NEW: The End of Nord Stream 2: Germany, the United States, and EU Law

March 22, 2022
The End of Nord Stream 2: Germany, the United States, and EU Law

The Temerty Contemporary Ukraine Program at HURI has released a new TCUP Report by Dr. Alan Riley on Nord Stream 2 that outlines the legal trouble the pipeline project would face even if it were to be revived after Russia's war in Ukraine.

For years, the pipeline has been a contentious subject, with policy officials in the US and Europe expressing concern both for Ukraine's national sovereignty and for Europe's energy security. Despite sanctions and legal arguments against the pipeline, the project was completed in September 2021, but would not become operational until it satisfied regulatory controls. In December, Russia restricted gas flow through its existing transits, seemingly to boost prices and pressure Europe to operationalize the pipeline.

In the lead-up to Russia's full-scale invasion of Ukraine, Germany halted certification of the project in response to Russia's decision to recognized the non-government controlled territories of the so-called Luhansk People's Republic and Donetsk People's Republic. With sanctions mounting after the war began, Nord Stream 2 laid off all of its employees and effectively ceased operations. 

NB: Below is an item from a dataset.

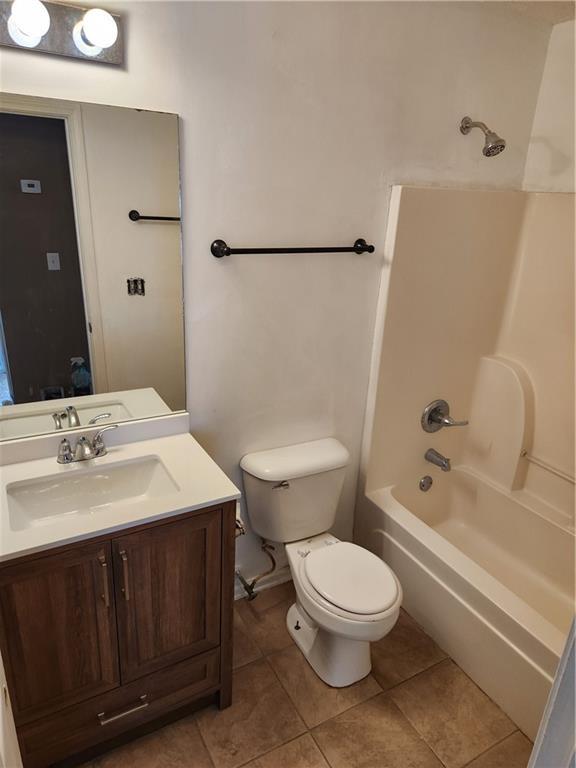 Foto del edificio - 7660 Pond View Ln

Nonetheless, the pipeline remains complete and ready to operate. In a post-war scenario, if Russia tried to revive the project, what are the chances it would succeed? EU Energy Law expert Dr. Alan Riley outlines the legal obstacles Nord Stream 2 would still have to overcome and concludes that chances are slim it will ever happen: 

Nord Stream 2 is extremely unlikely to be authorized and come into operation for the foreseeable future. This author contends that, absent a democratically elected Russian government committed to the rule of law, the pipeline will not be authorized and brought into operation. In theory, the German suspension could be lifted, and the sanctions waivers in respect to US sanctions could be restored. The argument for Nord Stream 2’s eventual revival would be that the European Union requires significant natural gas supplies. Nord Stream 2 could in theory provide 55bcm of supply from Russia. If, as a result of the large-scale invasion of Ukraine, the Ukrainian transit system were severely damaged or eliminated, there would be a superficially compelling argument that Europe really needs Nord Stream 2. This argument, however, overlooks the fact that Europe can obtain natural gas supplies from Norway, Algeria, and from Liquid Natural Gas (LNG) sources, as well as from renewables and other alternative energy sources (and it would also be possible for the Ukrainian pipeline network to be repaired). And it overlooks the huge shift in European perceptions as to the value of Russian gas supplies to Europe after this large-scale attack on Ukraine. There is no need to increase dependence once again on Russian gas.